What is required.
Repeat the records below exactly from the line containing "HOT PROPERTY! 5" to the line containing "IRS chief tells", taking in both of those lines. Drop the pictures.

Exercise data.
↓

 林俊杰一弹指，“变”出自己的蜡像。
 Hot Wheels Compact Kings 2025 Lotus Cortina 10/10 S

↑
↓

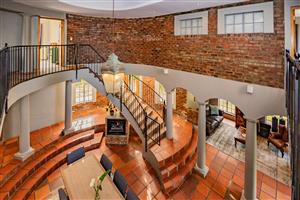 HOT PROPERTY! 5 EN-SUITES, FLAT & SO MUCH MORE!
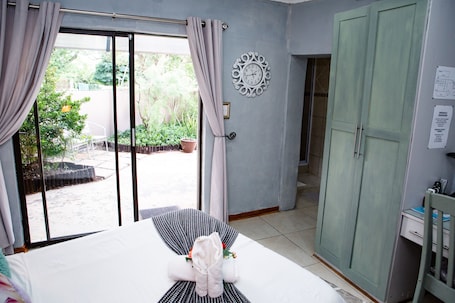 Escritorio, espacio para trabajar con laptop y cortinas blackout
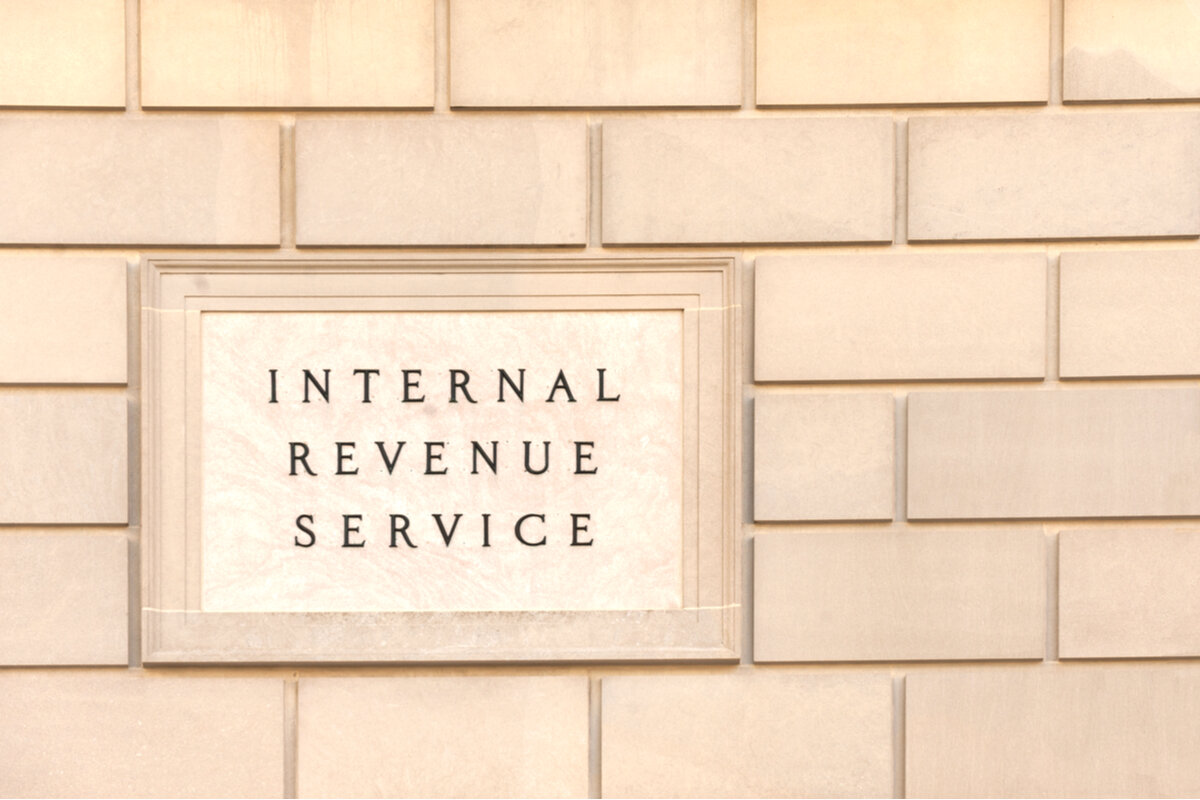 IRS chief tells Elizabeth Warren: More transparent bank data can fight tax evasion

↑
↓

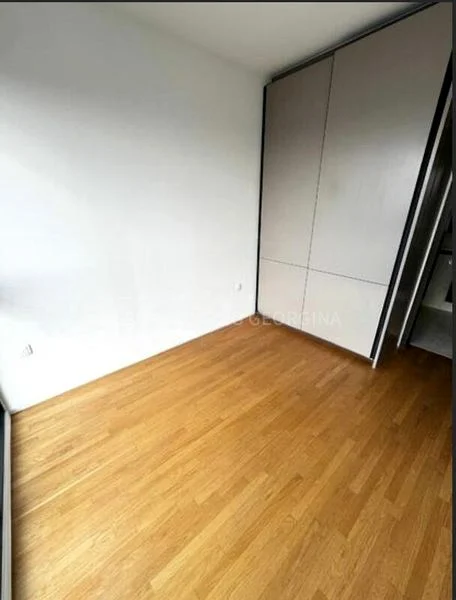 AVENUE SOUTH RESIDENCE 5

↑

Answer to this task.
 HOT PROPERTY! 5 EN-SUITES, FLAT & SO MUCH MORE!
 Escritorio, espacio para trabajar con laptop y cortinas blackout
 IRS chief tells Elizabeth Warren: More transparent bank data can fight tax evasion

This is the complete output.